TASK DETAILS →
Retype the entries below exactly, but begin at the line containing "Felimare Picta- mating" and end at the last line.

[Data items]
▼▼▼
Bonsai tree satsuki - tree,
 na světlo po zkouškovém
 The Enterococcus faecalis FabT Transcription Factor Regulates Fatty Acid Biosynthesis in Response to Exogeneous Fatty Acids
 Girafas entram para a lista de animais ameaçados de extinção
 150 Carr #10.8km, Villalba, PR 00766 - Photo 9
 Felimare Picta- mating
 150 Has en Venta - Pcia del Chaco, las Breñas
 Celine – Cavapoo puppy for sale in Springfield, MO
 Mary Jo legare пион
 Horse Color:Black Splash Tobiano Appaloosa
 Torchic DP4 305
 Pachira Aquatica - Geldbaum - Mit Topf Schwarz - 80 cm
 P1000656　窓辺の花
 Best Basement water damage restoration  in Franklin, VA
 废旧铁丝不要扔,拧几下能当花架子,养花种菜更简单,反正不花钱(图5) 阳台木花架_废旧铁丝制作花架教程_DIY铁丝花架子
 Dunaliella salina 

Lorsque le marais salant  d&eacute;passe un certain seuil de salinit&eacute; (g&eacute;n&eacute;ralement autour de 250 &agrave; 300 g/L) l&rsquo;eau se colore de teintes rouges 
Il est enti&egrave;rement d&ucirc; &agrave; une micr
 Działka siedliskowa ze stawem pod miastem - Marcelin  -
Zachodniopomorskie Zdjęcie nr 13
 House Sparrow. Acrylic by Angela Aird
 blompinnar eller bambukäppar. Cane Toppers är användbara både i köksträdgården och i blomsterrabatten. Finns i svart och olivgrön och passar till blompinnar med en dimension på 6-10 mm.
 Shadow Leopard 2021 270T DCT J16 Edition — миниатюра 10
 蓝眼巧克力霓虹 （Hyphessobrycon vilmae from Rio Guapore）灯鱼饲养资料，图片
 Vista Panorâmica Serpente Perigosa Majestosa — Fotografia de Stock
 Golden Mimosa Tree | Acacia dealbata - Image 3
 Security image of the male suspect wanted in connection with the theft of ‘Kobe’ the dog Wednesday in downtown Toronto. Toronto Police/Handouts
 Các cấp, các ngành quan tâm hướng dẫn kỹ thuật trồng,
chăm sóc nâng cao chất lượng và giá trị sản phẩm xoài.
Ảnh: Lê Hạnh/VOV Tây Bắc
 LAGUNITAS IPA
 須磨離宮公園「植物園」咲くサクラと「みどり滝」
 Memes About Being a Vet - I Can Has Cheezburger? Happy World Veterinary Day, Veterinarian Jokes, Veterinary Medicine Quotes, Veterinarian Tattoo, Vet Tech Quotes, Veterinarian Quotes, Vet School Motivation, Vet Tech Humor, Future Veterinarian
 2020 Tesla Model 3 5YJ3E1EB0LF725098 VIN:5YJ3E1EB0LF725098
▲▲▲
RESULT BELOW →
 Felimare Picta- mating
 150 Has en Venta - Pcia del Chaco, las Breñas
 Celine – Cavapoo puppy for sale in Springfield, MO
 Mary Jo legare пион
 Horse Color:Black Splash Tobiano Appaloosa
 Torchic DP4 305
 Pachira Aquatica - Geldbaum - Mit Topf Schwarz - 80 cm
 P1000656　窓辺の花
 Best Basement water damage restoration  in Franklin, VA
 废旧铁丝不要扔,拧几下能当花架子,养花种菜更简单,反正不花钱(图5) 阳台木花架_废旧铁丝制作花架教程_DIY铁丝花架子
 Dunaliella salina 

Lorsque le marais salant  d&eacute;passe un certain seuil de salinit&eacute; (g&eacute;n&eacute;ralement autour de 250 &agrave; 300 g/L) l&rsquo;eau se colore de teintes rouges 
Il est enti&egrave;rement d&ucirc; &agrave; une micr
 Działka siedliskowa ze stawem pod miastem - Marcelin  -
Zachodniopomorskie Zdjęcie nr 13
 House Sparrow. Acrylic by Angela Aird
 blompinnar eller bambukäppar. Cane Toppers är användbara både i köksträdgården och i blomsterrabatten. Finns i svart och olivgrön och passar till blompinnar med en dimension på 6-10 mm.
 Shadow Leopard 2021 270T DCT J16 Edition — миниатюра 10
 蓝眼巧克力霓虹 （Hyphessobrycon vilmae from Rio Guapore）灯鱼饲养资料，图片
 Vista Panorâmica Serpente Perigosa Majestosa — Fotografia de Stock
 Golden Mimosa Tree | Acacia dealbata - Image 3
 Security image of the male suspect wanted in connection with the theft of ‘Kobe’ the dog Wednesday in downtown Toronto. Toronto Police/Handouts
 Các cấp, các ngành quan tâm hướng dẫn kỹ thuật trồng,
chăm sóc nâng cao chất lượng và giá trị sản phẩm xoài.
Ảnh: Lê Hạnh/VOV Tây Bắc
 LAGUNITAS IPA
 須磨離宮公園「植物園」咲くサクラと「みどり滝」
 Memes About Being a Vet - I Can Has Cheezburger? Happy World Veterinary Day, Veterinarian Jokes, Veterinary Medicine Quotes, Veterinarian Tattoo, Vet Tech Quotes, Veterinarian Quotes, Vet School Motivation, Vet Tech Humor, Future Veterinarian
 2020 Tesla Model 3 5YJ3E1EB0LF725098 VIN:5YJ3E1EB0LF725098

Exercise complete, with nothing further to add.